# Am I mad?



## scousemouse (Feb 15, 2007)

My son, jack, was conceived after 12 years ttc, 8 months of clomid and BD at the right time and a further 2 months of clomid + IUI, he was born on 9th July 2008 so is only 6 weeks old.  DH and I decided straight away that we wouldn't be using contraception, hoping for No2.

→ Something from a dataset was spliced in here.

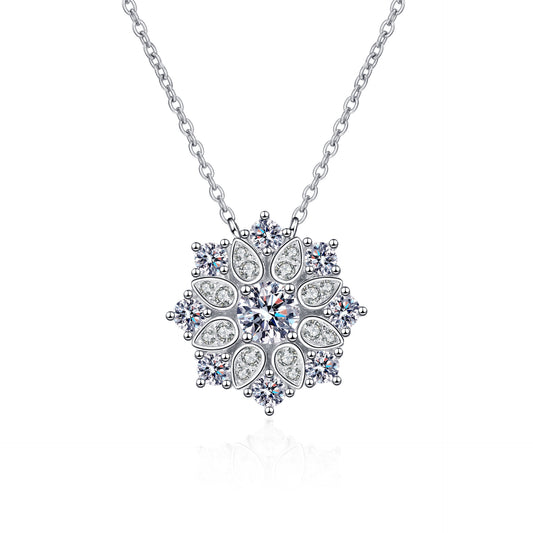 0.5ct Moissanite Sterling Silver Pendant Necklace Flower Shape Necklace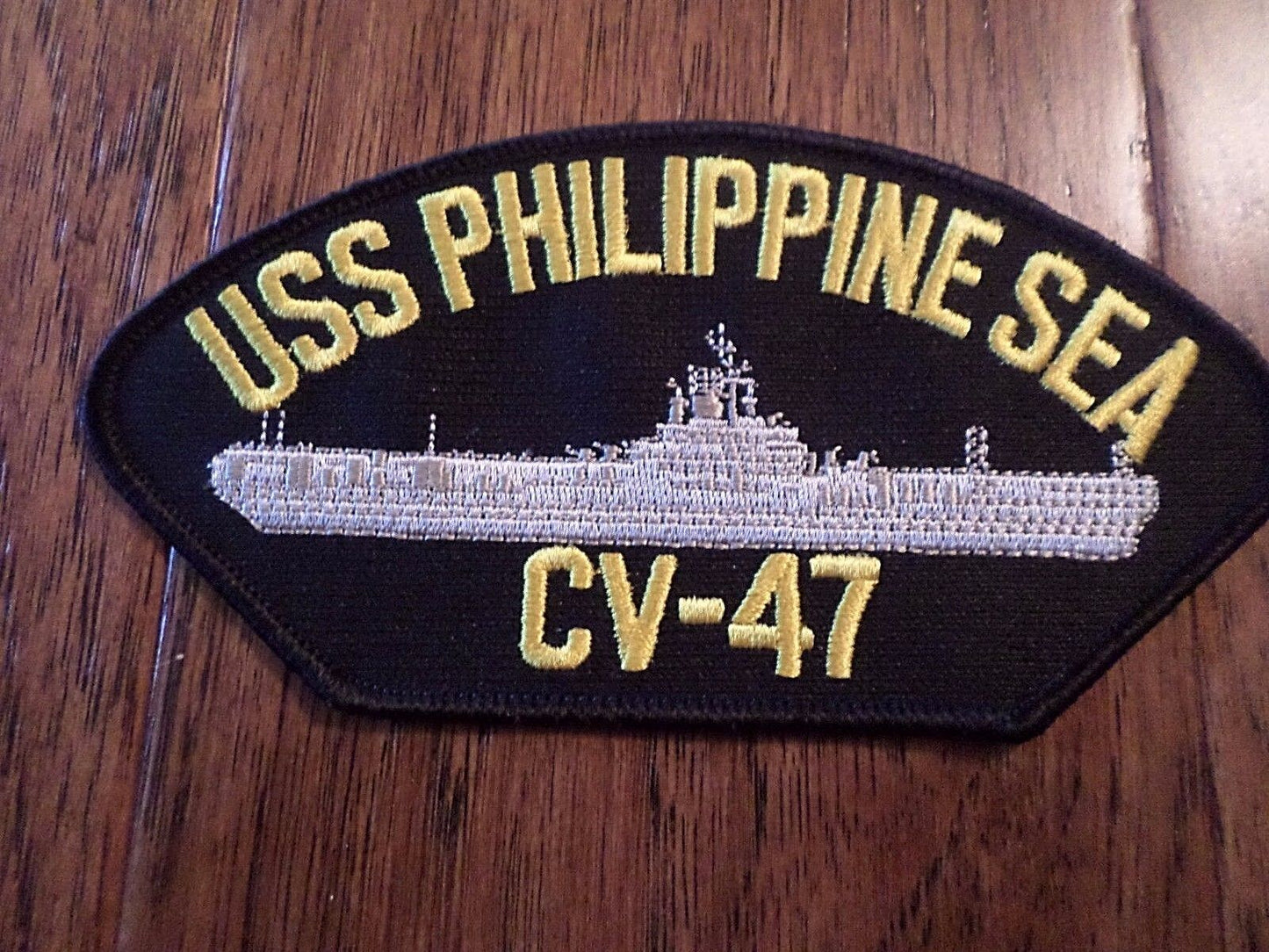 U.S NAVY SHIP HAT PATCH. USS PHILIPPINE SEA CV-47 U.S.A MADE HEAT TRANSFER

Well AF arrived today and part of me is pleased to see her after being told I had high FSH levels (during our 1st IUI) and menopause could be early, plus I suffer from prolactinoma which can stop ovulation and AF's.  Part of me is really dissappointed to see her as everyone kept telling us that its easier to get pregnant just after having a baby so we BD'd as much as we (I) was able.  Part of me is also terrified of being on the ttc rollercoaster again and part of me feels guilty for wanting No 2 when I should be grateful for Jack (which I am of course, he is just adorable and we love him to bits).  Do you think I'm mad?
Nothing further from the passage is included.